Algebraeon can currently do the following:

• Euclids algorithm for GCD and the extended version for obtaining Bezout coefficients.
• Polynomial GCD computations using subresultant pseudo-remainder sequences.
• AKS algorithm for natural number primality testing.
• Matrix algorithms including:
  • Putting a matrix into Hermite normal form.
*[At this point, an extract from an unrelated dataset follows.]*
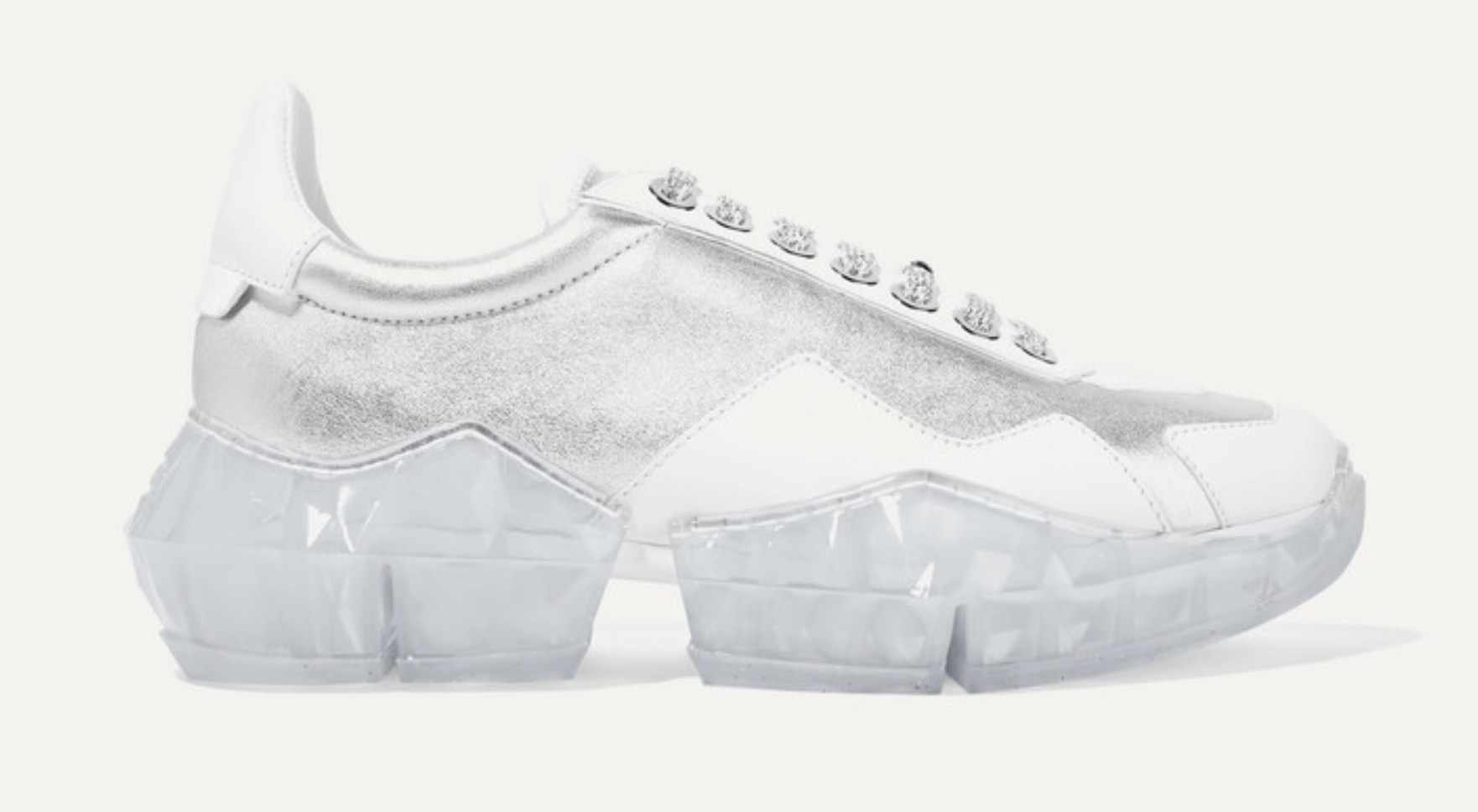 Jimmy Choo Diamond metallic leather sneakers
In particular putting it into echelon form.
  • Putting a matrix into Smith normal form.
  • Gram–Schmidt algorithm for orthogonalization and orthonormalization.
  • Putting a matrix into Jordan normal.
  • Finding the general solution to a linear or affine system of equations.
• Polynomial factoring algorithms including:
  • Kronecker's method for factoring polynomials over the integers (slow).
  • Berlekamp-Zassenhaus algorithm for factoring polynomials over the integers.
  • Berlekamp's algorithm for factoring polynomials over finite fields.
  • Trager's algorithm for factoring polynomials over algebraic number fields.
• Expressing symmetric polynomials in terms of elementary symmetric polynomials.
• Computations with algebraic numbers:
  • Real root isolation and arithmetic.
  • Complex root isolation and arithmetic.
• Computations with multiplication tables for small finite groups.
• Todd-Coxeter algorithm for the enumeration of finite index cosets of a finitely generated groups. and much more.

Planned algorithms

• Fast integer factorization.
• LLL basis reduction algorithm.
• Universal cyclotomic field.
• Ideals in algebraic number fields.
• Algebraic closure and Galois theory of finite fields.
• Splitting fields of algebraic number fields.
• Galois groups of algebraic number fields.
• P-adic root approximation and arithmetic.

Usage

Add the required crates to your cargo.toml file

• algebraeon-sets
• algebraeon-groups
• algebraeon-rings

Factoring an polynomials

use algebraeon_rings::{polynomial::polynomial::*, ring_structure::{elements::*, structure::*}};
use malachite_nz::integer::Integer;

let x = &Polynomial::<Integer>::var().into_ergonomic();
let f = (x.pow(30) - 1).into_verbose();
println!("unfactored f = {}", f);
println!("factored   f = {}", f.factor().unwrap());